Leave out the pictures and retype, exactly, the lines below from the line with "Timeline: Cell Phones" up to and including the line with "Customized Canvas Picnic", nothing more.

● ● ●

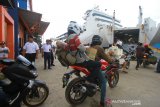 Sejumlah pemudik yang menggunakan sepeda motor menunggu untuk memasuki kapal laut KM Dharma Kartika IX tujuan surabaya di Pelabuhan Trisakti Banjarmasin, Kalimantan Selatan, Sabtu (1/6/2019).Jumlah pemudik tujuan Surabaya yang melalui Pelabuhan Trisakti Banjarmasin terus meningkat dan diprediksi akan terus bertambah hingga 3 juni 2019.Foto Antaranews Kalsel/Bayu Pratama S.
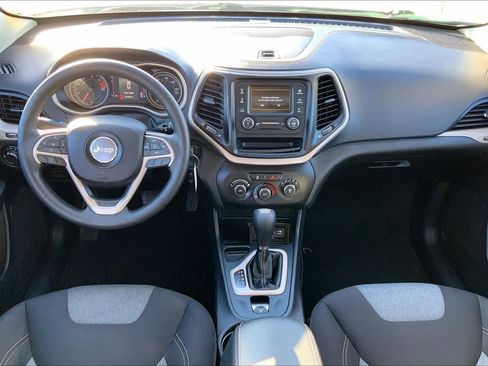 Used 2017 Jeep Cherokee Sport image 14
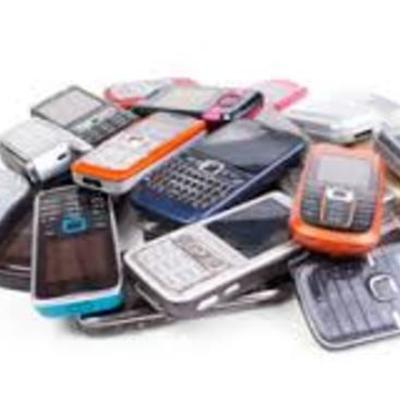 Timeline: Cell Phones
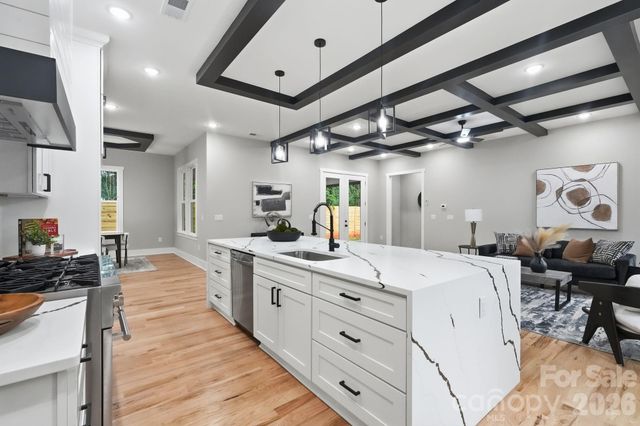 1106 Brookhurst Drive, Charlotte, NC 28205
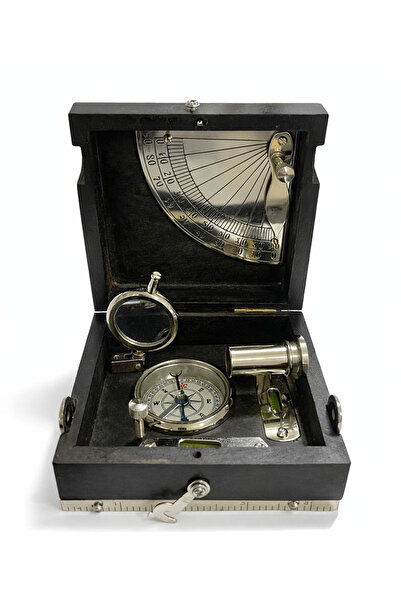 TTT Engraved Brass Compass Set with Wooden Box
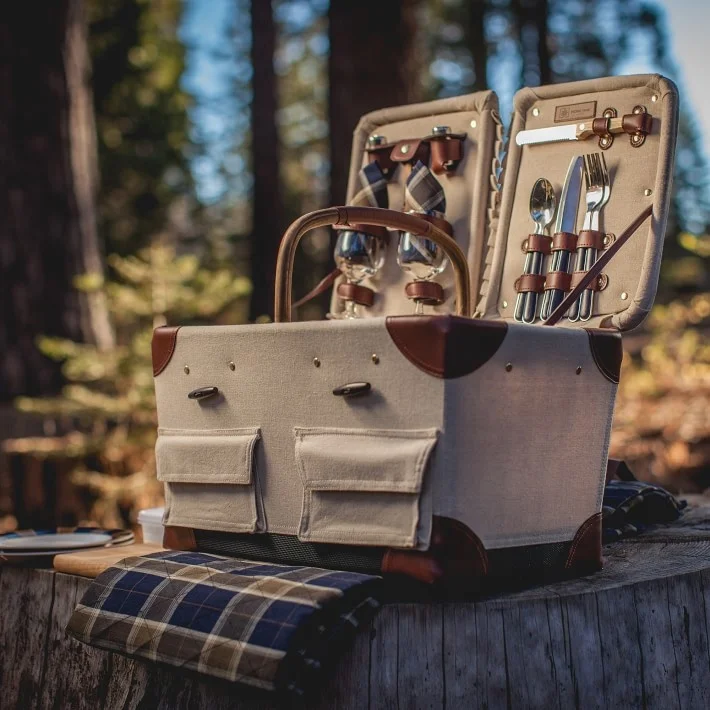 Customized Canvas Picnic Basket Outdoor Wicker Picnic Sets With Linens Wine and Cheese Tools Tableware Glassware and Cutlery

● ● ●

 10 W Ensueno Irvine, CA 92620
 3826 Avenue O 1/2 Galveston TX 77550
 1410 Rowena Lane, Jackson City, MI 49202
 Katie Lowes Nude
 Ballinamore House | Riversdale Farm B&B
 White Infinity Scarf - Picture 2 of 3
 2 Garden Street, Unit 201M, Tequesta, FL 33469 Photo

● ● ●

## Answer for this exercise
 Timeline: Cell Phones
 1106 Brookhurst Drive, Charlotte, NC 28205
 TTT Engraved Brass Compass Set with Wooden Box
 Customized Canvas Picnic Basket Outdoor Wicker Picnic Sets With Linens Wine and Cheese Tools Tableware Glassware and Cutlery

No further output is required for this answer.